Chapter [36]

13.4K 1.2K 116
                                    

Peterpan - Semua Tentang Kita

"Kenapa?"

Satu kata itu yang mampu diucapkan oleh Via setelah otaknya berusaha mencerna kalimat yang baru diucapkan oleh Reon.

"Kenapa Yon?"

Yang ditanya tidak mengeluarkan suara sama sekali. Alih-alih menatap Via, pandangan kosong Reon melihat ke arah selimut di depannya. Entah kenapa, dia tidak mampu melihat wajah perempuan yang duduk di atas kasur itu.

"Reon jawab!"

Bentakan Via membuat Reon memberanikan diri melihat perempuan itu. Masih tetap bungkam, Reon membenarkan posisi duduknya.

Reon menelan ludahnya sendiri, saat ini yang benar-benar dia inginkan adalah menghilang dari bumi, atau berada di suatu tempat yang tidak akan ditemukan oleh siapapun. Bahkan untuk menjelaskan ke Via saja, dia tidak bisa.

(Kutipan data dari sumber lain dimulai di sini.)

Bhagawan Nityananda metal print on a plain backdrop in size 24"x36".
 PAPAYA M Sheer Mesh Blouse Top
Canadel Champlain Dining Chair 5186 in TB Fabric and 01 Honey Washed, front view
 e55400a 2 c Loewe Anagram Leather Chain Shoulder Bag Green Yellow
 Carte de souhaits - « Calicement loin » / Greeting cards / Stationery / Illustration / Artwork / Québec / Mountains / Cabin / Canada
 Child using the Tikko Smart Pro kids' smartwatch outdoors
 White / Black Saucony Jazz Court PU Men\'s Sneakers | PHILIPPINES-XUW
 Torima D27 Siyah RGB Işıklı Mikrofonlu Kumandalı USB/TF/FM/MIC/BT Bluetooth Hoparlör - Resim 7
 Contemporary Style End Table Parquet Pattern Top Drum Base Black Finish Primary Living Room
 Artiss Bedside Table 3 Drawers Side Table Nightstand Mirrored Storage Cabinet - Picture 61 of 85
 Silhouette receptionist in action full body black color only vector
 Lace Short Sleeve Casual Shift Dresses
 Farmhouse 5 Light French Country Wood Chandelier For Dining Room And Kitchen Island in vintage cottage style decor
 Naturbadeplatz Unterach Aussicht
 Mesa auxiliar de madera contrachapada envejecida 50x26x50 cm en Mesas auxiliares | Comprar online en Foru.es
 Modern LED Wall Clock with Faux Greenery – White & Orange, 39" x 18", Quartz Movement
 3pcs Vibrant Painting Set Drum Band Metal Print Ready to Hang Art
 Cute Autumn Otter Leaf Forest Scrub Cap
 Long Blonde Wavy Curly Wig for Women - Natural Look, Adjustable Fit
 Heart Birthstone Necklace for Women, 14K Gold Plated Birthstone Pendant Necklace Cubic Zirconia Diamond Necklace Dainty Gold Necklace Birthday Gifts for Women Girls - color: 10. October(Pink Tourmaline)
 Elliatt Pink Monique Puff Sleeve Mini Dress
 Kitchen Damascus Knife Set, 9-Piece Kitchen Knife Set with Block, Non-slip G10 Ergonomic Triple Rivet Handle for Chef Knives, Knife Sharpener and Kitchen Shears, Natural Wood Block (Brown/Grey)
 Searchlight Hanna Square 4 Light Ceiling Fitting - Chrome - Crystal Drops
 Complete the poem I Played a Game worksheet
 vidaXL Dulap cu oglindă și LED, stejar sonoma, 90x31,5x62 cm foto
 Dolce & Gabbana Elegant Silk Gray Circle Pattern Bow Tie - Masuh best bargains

Perlahan Reon berdiri dari tempatnya duduk, mengelus kepala Via yang terlihat gelisah dan masih menatapnya, sebelum dia memegang bagian belakang kepala Via, memejamkan matanya, dan mencium pelipis perempuan itu dalam, dan cukup lama.

"Hope this is the best for you," bisik Reon pelan.

Setelah itu, Reon bersiap untuk berdiri dan melangkahkan kakinya keluar dari kamar Via yang masih berusaha mencerna semua ini. Otaknya benar-benar sedang tidak dapat diajak bekerjasama untuk mencari tau kesalahannya yang membuat Reon menyudahi hubungan mereka begitu saja.

"Reon kalo kamu keluar dari sini aku bener-bener ga mau ngomong sama kamu lagi."

Sesungguhnya, tujuan Via mengucapkan kalimat itu adalah supaya Reon menghentikan langkahnya dan kembali duduk di hadapannya. Empat detik kemudian perempuan itu menyadari bahwa itu adalah cara terbodoh yang pernah ada.

Karena yang sekarang dia dapatkan adalah Reon tetap berjalan keluar dari kamar, tanpa melihat ke arah perempuan yang kini sudah terisak di tempatnya. Bukan karena Reon tidak peduli, melainkan karena laki-laki itu tidak menyangka akan sesakit ini rasanya.

****

Sudah satu jam Reon mengendarai mobilnya tanpa arah tujuan. Dadanya berkecamuk dan dia dapat merasakan kepalanya yang terasa sangat berat. Ia merasa menyesal telah meninggalkan Via sendiri di kamarnya. Namun satu hal yang pasti, laki-laki itu tidak menyesal dengan apa yang baru saja dilakukannya.

Alasannya bukan karena sakit hatinya soal ciuman Gadhra dan Via tempo hari, lagipula niat awal Reon datang ke rumah perempuan itu bukan untuk mengutarakan kata putus.

Reon membelokkan mobilnya menuju rest area Cibubur. Entah bagaimana caranya laki-laki itu sudah mengendarai mobilnya sampai ke daerah sini. Ia memarkirkan mobilnya sejenak, sebelum ia menurunkan sandaran kursi mobilnya, mencoba untuk beristirahat sebentar sambil menenangkan pikirannya yang berkecamuk.

Sambil tiduran, Reon memijat-mijat kepalanya yang terasa berat. Bayangan wajah Via yang terlihat sangat kaget tadi kembali berputar di pikirannya.

Berulang kali tiap kalimat yang diucapkan oleh Gadhra berputar di dalam otaknya. Seakan dia merasa kalau dirinya hanyalah penghalang untuk Via dan Gadhra yang notabene-nya tidak akan pernah terpisahkan, sebesar apapun masalah mereka.

Atau saat ini dia hanya merasa insecure dengan kehadiran Gadhra? Orangtua Via begitu percaya kepadanya sampai-sampai dengan gampangnya mereka menyuruh laki-laki itu untuk masuk ke kamar Via, sementara selama ini dirinya hanya bisa menjenguk Via di ruang keluarga-sesuai dengan peraturan rumahnya: laki-laki tidak boleh masuk kamar.